Scraped caption text data
= = =

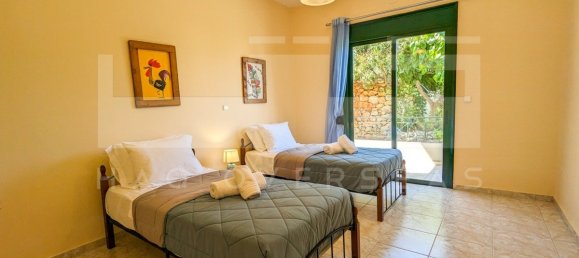 3 bedrooms Villa in Crete, Greece No. 318 20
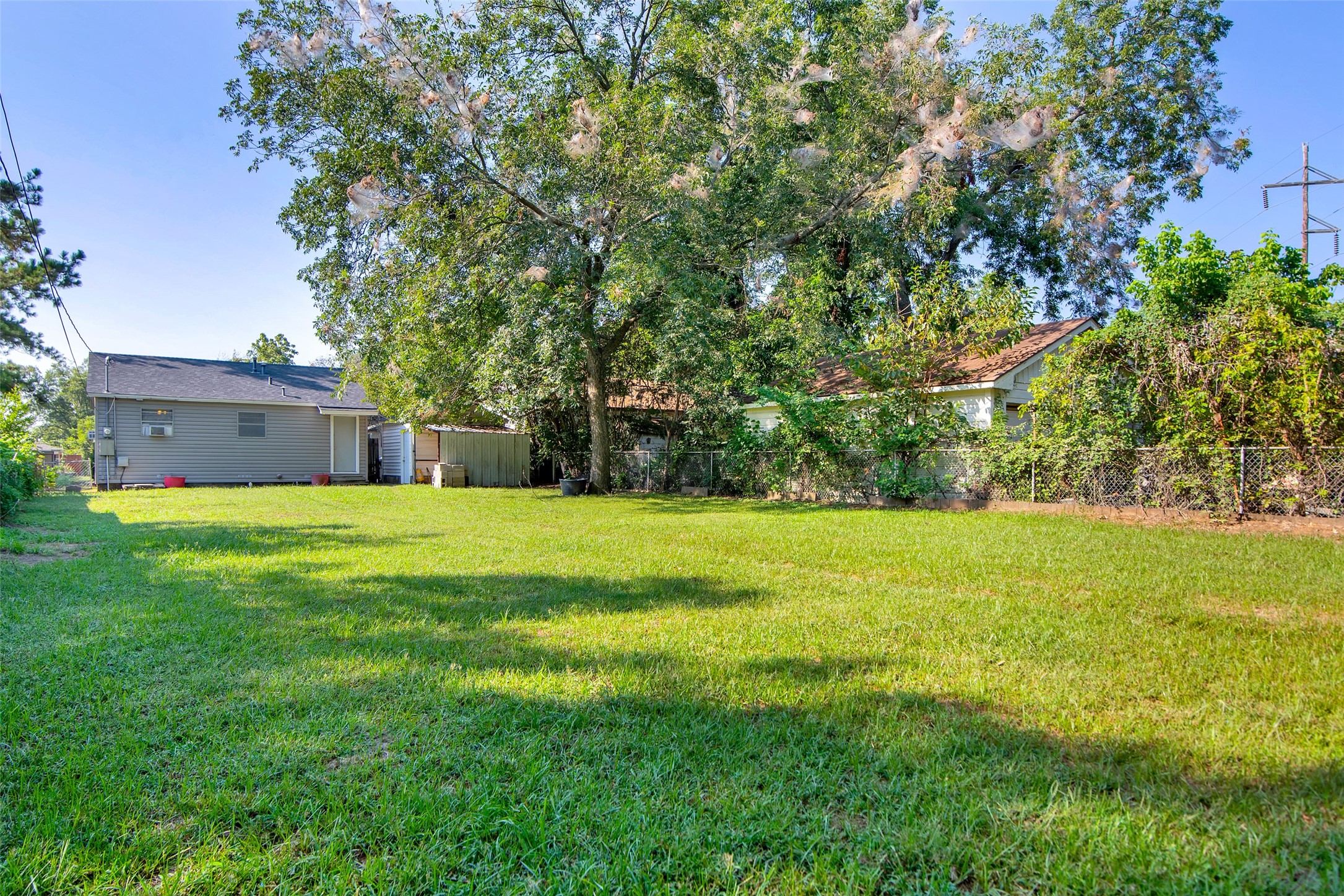 709 W Hanna Street Denison TX 75020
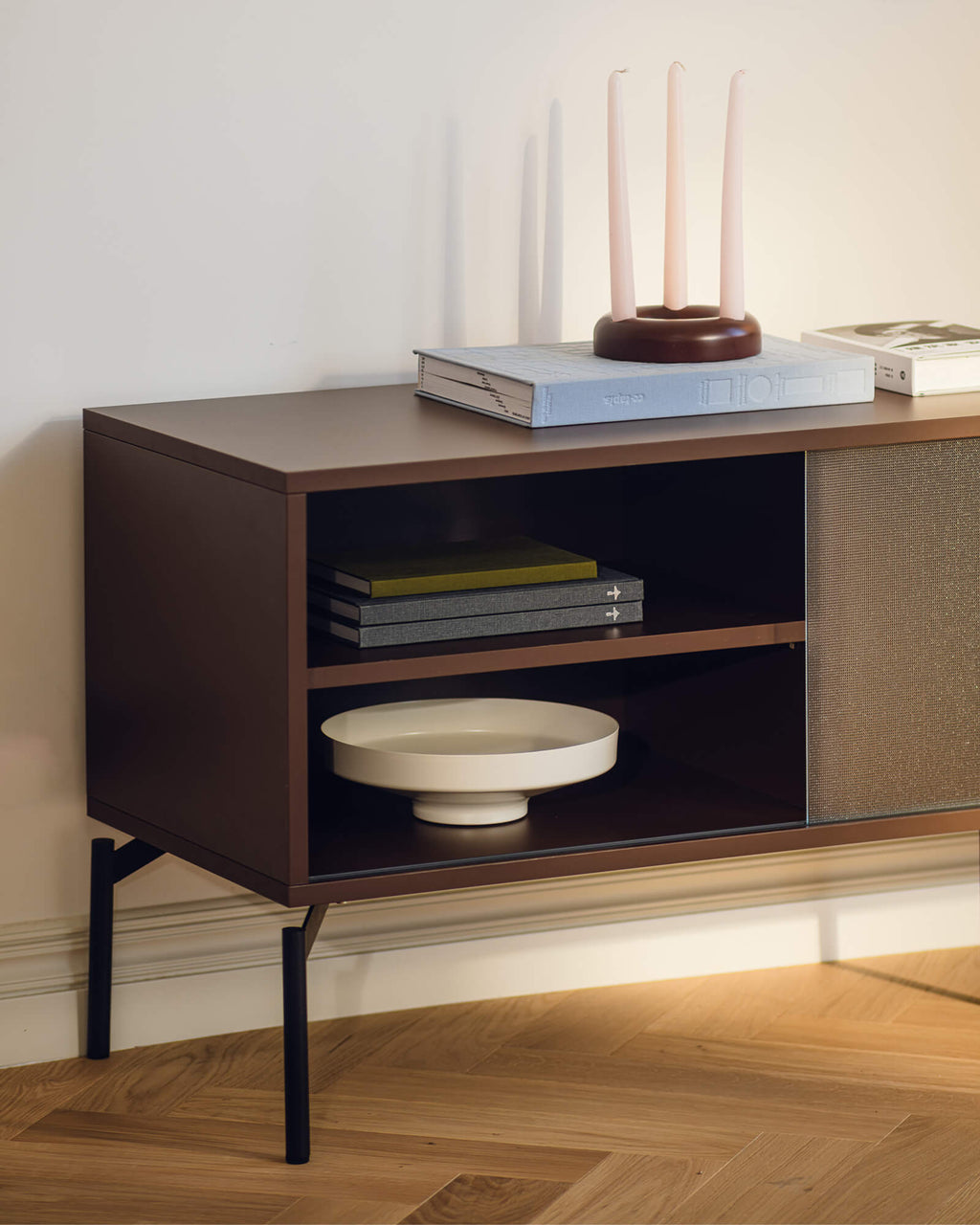 Met TV Stand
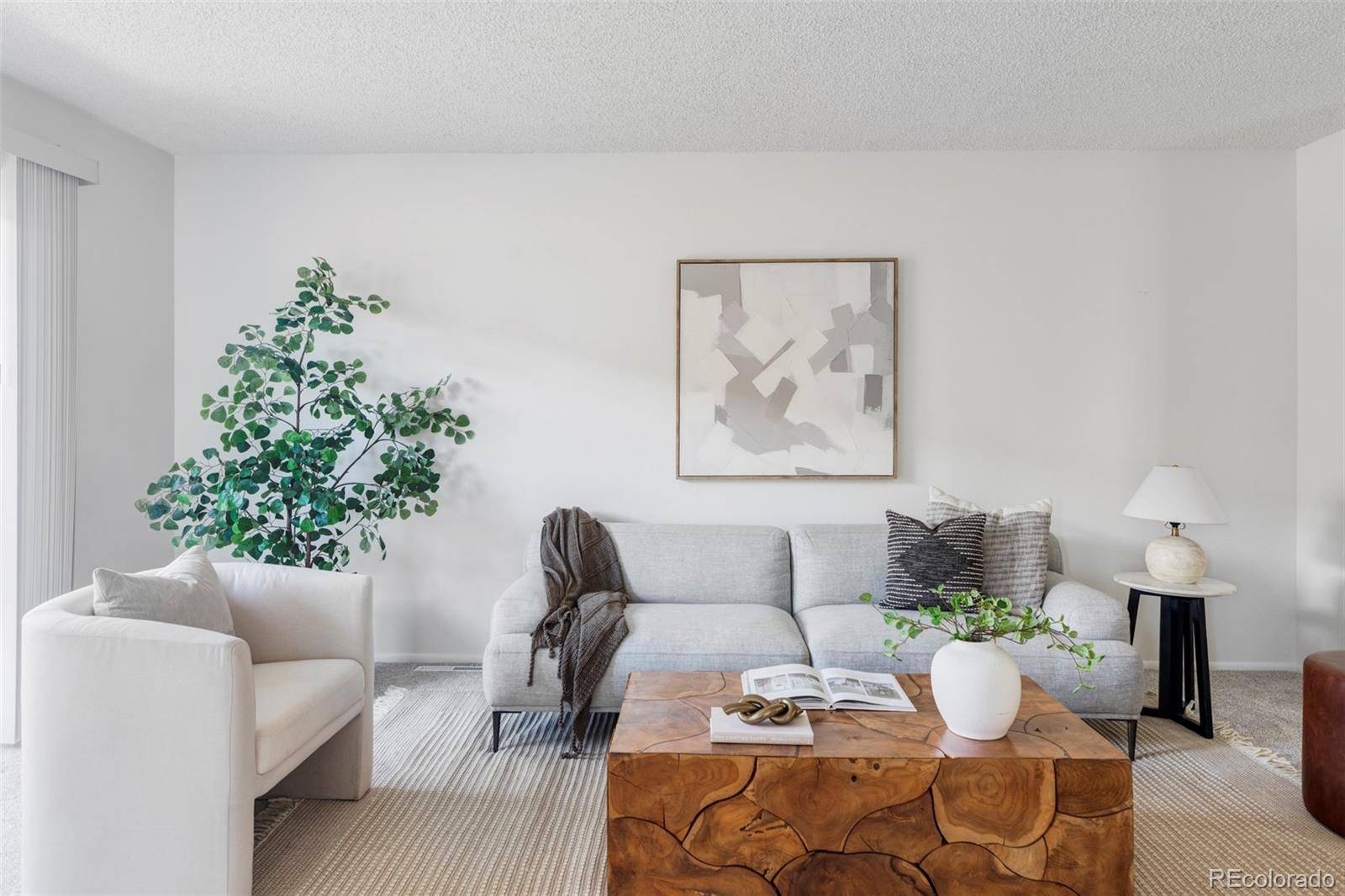 Lakewood, CO 80232,9453 W Utah PL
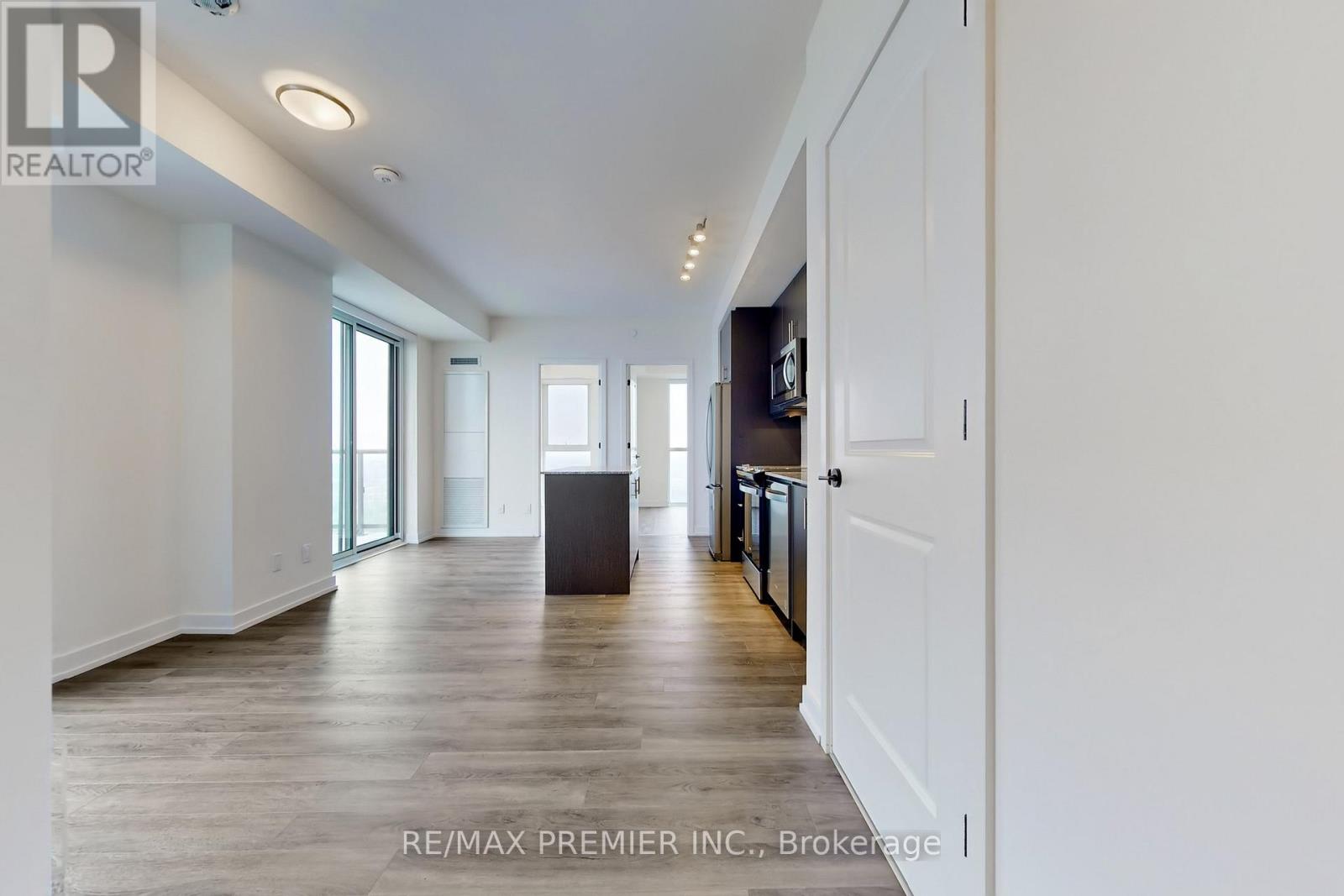 1603 - 335 Wheat Boom Drive, Oakville, Ontario  L6H 7Y1 - Photo 8 - W13140944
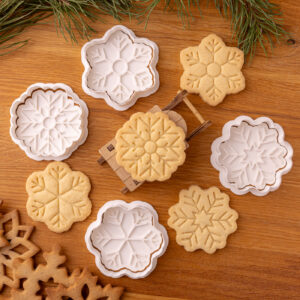 Keturios snaigutės - sausainių formelės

= = =

#### Exercise details:
Copy out only the lines from the one containing "Met TV Stand" to the end of the entries, unchanged. Drop the pictures.

#### Solution to this exercise:
 Met TV Stand
 Lakewood, CO 80232,9453 W Utah PL
 1603 - 335 Wheat Boom Drive, Oakville, Ontario  L6H 7Y1 - Photo 8 - W13140944
 Keturios snaigutės - sausainių formelės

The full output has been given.